Only these lines of the data below are wanted: the one with "Logo Button Earrings", the one with "METOD black stained", and any lines between them, each repeated exactly.
Data for processing Block Start
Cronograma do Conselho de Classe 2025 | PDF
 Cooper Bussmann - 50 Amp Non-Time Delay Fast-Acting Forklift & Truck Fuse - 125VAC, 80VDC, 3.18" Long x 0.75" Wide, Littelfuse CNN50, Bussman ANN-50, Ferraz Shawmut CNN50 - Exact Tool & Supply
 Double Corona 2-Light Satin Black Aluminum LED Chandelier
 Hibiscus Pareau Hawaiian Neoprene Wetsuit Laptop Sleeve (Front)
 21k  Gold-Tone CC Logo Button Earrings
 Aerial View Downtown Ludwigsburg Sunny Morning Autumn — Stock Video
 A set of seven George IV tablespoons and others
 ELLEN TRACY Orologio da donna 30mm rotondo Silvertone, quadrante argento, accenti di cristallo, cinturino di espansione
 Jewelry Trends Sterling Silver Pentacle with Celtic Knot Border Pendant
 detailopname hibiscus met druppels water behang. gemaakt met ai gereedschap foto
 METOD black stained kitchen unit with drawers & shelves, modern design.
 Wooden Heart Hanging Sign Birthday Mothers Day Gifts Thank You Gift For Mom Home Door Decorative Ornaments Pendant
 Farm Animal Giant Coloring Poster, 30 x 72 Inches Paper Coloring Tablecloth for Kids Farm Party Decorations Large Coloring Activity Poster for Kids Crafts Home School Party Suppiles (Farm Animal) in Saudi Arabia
Data for processing Block End
# Output of the task
 21k  Gold-Tone CC Logo Button Earrings
 Aerial View Downtown Ludwigsburg Sunny Morning Autumn — Stock Video
 A set of seven George IV tablespoons and others
 ELLEN TRACY Orologio da donna 30mm rotondo Silvertone, quadrante argento, accenti di cristallo, cinturino di espansione
 Jewelry Trends Sterling Silver Pentacle with Celtic Knot Border Pendant
 detailopname hibiscus met druppels water behang. gemaakt met ai gereedschap foto
 METOD black stained kitchen unit with drawers & shelves, modern design.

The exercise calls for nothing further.